Romans 9 - Frederick Brotherton Meyer's Commentary

Bible Comments
  • Romans 9:1-13 open_in_new

    Longing for His Kinsmen

    Romans 9:1-13

    Our consciences should be continually bathed in the light and warmth of the Holy Spirit, Romans 9:1, that the inward witness may be maintained in its integrity. We must love as Moses and Paul did, Romans 9:3, before we can understand Exodus 32:32 and Galatians 3:10. The Hebrew nation was marvelously privileged by adoption as God's firstborn, by having the Shekinah glory and by being called to maintain the witness of the Temple and its services, Romans 9:4. But these privileges were granted, not for the nation itself, but for the blessing of mankind. This is the meaning of election. There are elect races, elect nations, elect souls, that they may be able to impart of what they have received, and communicate whatever advantages have been entrusted.

    The sorrowful admission must be made that a very large proportion of the Hebrew race had missed the privileges to which they were entitled, because they had regarded these merely as intended for their own comfort and enrichment, Romans 9:6. This was the outstanding difference between Esau and Jacob. It is plain that the hatred in Romans 9:13 means nothing more than relative repudiation, as it does in Matthew 6:24 and Luke 14:26. No personal animosity can obtain in the nature of the God of love except that He withholds from the recreant soul the full manifestation and outflow of His love.

  • Romans 9:14-24 open_in_new

    the Righteousness of God's Choices

    Romans 9:14-24

    God desires to do His best for every man. But, as in the case of Esau, who wantonly sold his birthright, and of Pharaoh, who turned all God's revelations into occasions of aggravated resistance and stronger revolt, the Heavenly Father is sometimes compelled to cast away those who might assist in the execution of His purposes, and use inferior vessels made from common clay. In the earlier part of the conflict with the proud Egyptian monarch, it is said that he hardened his heart, and afterward that God hardened it, Exodus 8:15; Exodus 10:20. To the froward God becomes froward; that is, the means that He takes to soften and save will harden, just as the sun which melts wax hardens clay.

    The same power which was thwarted and resisted by the unbelief and stubbornness of the Chosen People, has taken up us Gentiles, who have had none of their advantages, and what wonderful mercy has He shown to us! Riches of glory on vessels of mercy! Romans 9:23. What an argument for us all not to resist the grace of God, which strives with us so earnestly and continually! God can make saints out of the most unlikely material. Let us see that He has full opportunity.
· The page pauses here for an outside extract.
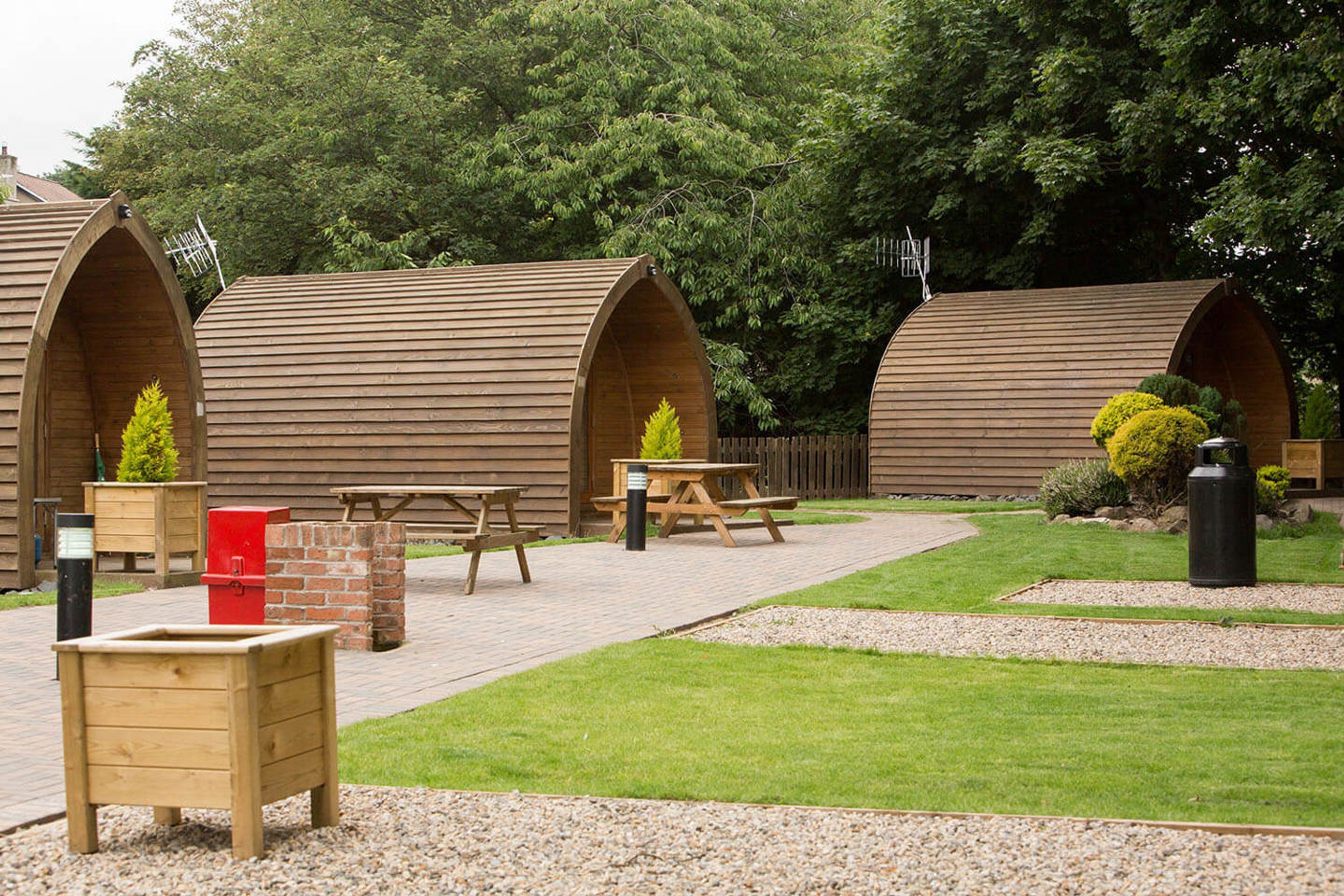 Scoutscroft Leisure Park | Verdant Leisure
  • Romans 9:25-33 open_in_new

    Stumbling over the Cornerstone

    Romans 9:25-33

    There has been a notable transference of privilege from the Jew to the Gentile believer. This is not due to fickleness on God's part, but to a fatal defect in the Hebrew people. The vessel that was marred in the potter's hand suffered not from the clumsiness of the potter, but from some inherent flaw in the clay. The Chosen People stumbled over the law of faith and rejected their Messiah. The Gentiles, on the other hand, have exercised faith in Him, and have thereby attained a justifying righteousness. There is no caprice with God, “neither shadow that is cast by turning,” James 1:17. Any apparent change in His dealings is determined by our attitude toward Him.

    Jesus is a stone of stumbling to the blind, but all who confide in Him and rest on Him shall not be put to shame. God has laid the foundation of our salvation deep in the waters of death and judgment. In the death of Christ He condemned sin in the flesh, and now we who are built into Him, as a stone is clamped to the foundation, shall rest secure when the last great storms sweep over land and sea.